● **REQUIRED ACTION**: Set down each line from the start of the material exactly, please, up to and including the one that contains "400 Sad Playlist Names Ideas and Suggestions".

========================================

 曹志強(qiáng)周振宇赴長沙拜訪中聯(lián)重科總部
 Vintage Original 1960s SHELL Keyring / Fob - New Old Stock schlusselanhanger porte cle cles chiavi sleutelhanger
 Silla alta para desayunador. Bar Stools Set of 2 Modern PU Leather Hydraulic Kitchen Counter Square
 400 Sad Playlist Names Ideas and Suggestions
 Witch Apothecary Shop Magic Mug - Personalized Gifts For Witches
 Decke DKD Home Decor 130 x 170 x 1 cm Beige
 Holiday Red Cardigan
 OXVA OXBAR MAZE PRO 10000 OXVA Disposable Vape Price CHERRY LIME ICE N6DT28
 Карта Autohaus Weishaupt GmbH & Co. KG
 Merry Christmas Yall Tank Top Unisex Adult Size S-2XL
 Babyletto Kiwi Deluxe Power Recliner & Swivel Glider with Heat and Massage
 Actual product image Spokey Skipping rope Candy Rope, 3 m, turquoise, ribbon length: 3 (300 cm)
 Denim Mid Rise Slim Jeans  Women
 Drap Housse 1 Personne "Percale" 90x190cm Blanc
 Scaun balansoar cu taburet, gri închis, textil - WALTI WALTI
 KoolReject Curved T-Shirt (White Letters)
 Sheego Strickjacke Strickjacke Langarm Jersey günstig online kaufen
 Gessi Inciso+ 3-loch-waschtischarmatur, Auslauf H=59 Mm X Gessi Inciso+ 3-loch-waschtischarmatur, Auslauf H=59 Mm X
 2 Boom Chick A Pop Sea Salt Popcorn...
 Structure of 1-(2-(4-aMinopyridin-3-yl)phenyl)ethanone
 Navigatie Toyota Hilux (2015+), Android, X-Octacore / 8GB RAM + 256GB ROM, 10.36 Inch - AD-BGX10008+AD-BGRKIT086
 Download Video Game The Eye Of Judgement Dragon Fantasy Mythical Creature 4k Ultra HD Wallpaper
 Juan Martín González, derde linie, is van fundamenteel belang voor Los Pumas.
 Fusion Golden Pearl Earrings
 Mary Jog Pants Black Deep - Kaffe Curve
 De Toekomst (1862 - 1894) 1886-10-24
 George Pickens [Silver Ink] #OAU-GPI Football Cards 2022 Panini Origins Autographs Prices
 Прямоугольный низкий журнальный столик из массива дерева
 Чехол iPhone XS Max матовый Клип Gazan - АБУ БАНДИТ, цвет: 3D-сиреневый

========================================

● **SOLUTION**:
 曹志強(qiáng)周振宇赴長沙拜訪中聯(lián)重科總部
 Vintage Original 1960s SHELL Keyring / Fob - New Old Stock schlusselanhanger porte cle cles chiavi sleutelhanger
 Silla alta para desayunador. Bar Stools Set of 2 Modern PU Leather Hydraulic Kitchen Counter Square
 400 Sad Playlist Names Ideas and Suggestions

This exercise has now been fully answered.